Fernández-de Gortari Eli, García-Jacas César R, Martinez-Mayorga Karina, Medina-Franco José L
Departamento de Farmacia, Facultad de Química, Universidad Nacional Autónoma de México, Avenida Universidad 3000, 04510 Mexico City, Mexico.
Instituto de Química, Universidad Nacional Autónoma de México, Avenida Universidad 3000, 04510 Mexico City, Mexico.
J Cheminform. 2017 Feb 6;9:9. doi: 10.1186/s13321-017-0195-1. eCollection 2017.
Molecular fingerprints are widely used in several areas of chemoinformatics including diversity analysis and similarity searching.
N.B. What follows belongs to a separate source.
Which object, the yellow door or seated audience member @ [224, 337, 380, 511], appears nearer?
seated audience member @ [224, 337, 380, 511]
The fingerprint-based analysis of chemical libraries, in particular of large collections, usually requires the molecular representation of each compound in the library that may lead to issues of storage space and redundant calculations. In fact, information redundancy is inherent to the data, resulting on binary digit positions in the fingerprint without significant information.
Herein is proposed a general approach to represent an entire compound library with a single binary fingerprint. The development of the database fingerprint (DFP) is illustrated first using a short fingerprint (MACCS keys) for 10 data sets of general interest in chemistry. The application of the DFP is further shown with PubChem fingerprints for the data sets used in the primary example but with a larger number of compounds, up to 25,000 molecules. The performance of DFP were studied through differential Shannon entropy, k-mean clustering, and DFP/Tanimoto similarity.
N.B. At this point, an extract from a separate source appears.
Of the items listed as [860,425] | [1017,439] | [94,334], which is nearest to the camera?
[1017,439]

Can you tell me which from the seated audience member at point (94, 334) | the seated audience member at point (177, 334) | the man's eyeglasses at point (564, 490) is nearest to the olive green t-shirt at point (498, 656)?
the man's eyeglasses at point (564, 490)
The DFP is designed to capture key information of the compound collection and can be used to compare and assess the diversity of molecular libraries. This Preliminary Communication shows the potential of the novel fingerprint to conduct inter-library relationships. A major future goal is to apply the DFP for virtual screening and developing DFP for other data sets based on several different type of fingerprints.Graphical AbstractDatabase fingerprint captures the key information of molecular databases to perform chemical space characterization and virtual screening.
分子指纹在化学信息学的多个领域广泛应用,包括多样性分析和相似性搜索。基于指纹对化学库(尤其是大型库)进行分析时,通常需要库中每个化合物的分子表示形式,这可能会导致存储空间和冗余计算问题。实际上,信息冗余是数据固有的,导致指纹中的二进制数字位置没有重要信息。
本文提出了一种用单个二进制指纹表示整个化合物库的通用方法。首先使用短指纹(MACCS键)对10个化学领域普遍关注的数据集说明数据库指纹(DFP)的开发。对于主要示例中使用的数据集,但化合物数量更多(多达25000个分子),进一步展示了DFP与PubChem指纹的应用。通过差分香农熵、k均值聚类和DFP/Tanimoto相似性研究了DFP的性能。
DFP旨在捕获化合物集合的关键信息,可用于比较和评估分子库的多样性。本初步通讯展示了这种新型指纹在建立库间关系方面的潜力。未来的一个主要目标是将DFP应用于虚拟筛选,并基于几种不同类型的指纹为其他数据集开发DFP。
数据库指纹捕获分子数据库的关键信息以进行化学空间表征和虚拟筛选。